It’s increasingly common for businesses to hire remote workforces. The advantages are convincing – you don’t have to worry so much about the quality of your local talent pool because you can hire people from anywhere and you can expand internationally without having to spend a lot on infrastructure in the way of office buildings.

Despite the benefits, you may have a nagging concern holding you back – the worry that you’ll have a dispersed, difficult-to-manage workforce full of people lazily slacking off at home where you can’t keep an eye on them.

It doesn’t have to be that way, though. Just take us here at The Next Web as an example. We have a team that’s spread from San Francisco to Thailand and all sorts of places in between, including New York, London, Barcelona and Amsterdam.

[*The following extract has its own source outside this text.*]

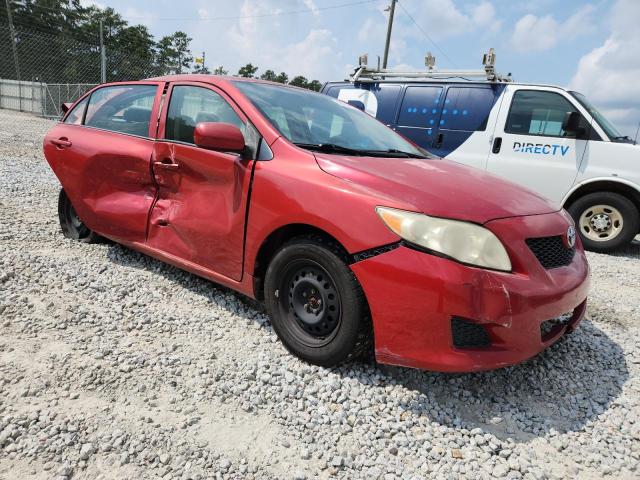 Photo 4 from auction – 2009 TOYOTA COROLLA BA with VIN JTDBL40E89J035136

Despite the distance between us all, we have a cohesive and motivated working culture in which distance really isn’t a barrier to productivity.

How do we do it? Here are some lessons we’ve learned:

1. Require your workers to use a shared communications platform

You may not be able to share a physical office space with your colleagues, but virtual office can sometimes be more effective.

Firstly, you can probably forget a VoIP/video chat service like Skype or Google Hangouts. It may appear to make sense to be in constant video contact with your employees – that way you can see what they’re doing, right? However, don’t underestimate how uncomfortable that webcam ‘on’ light can make people feel, and an uncomfortable worker is unlikely to be a productive one.

At The Next Web, we use Convo to stay in touch with each other but there are similar services available, such as Microsoft’s Yammer and Salesforce’s Chatter. The benefit of this kind of network is that employees can have threaded group conversations when they need to discuss a topic as they might around their desks, or via IM if they need to chat more privately.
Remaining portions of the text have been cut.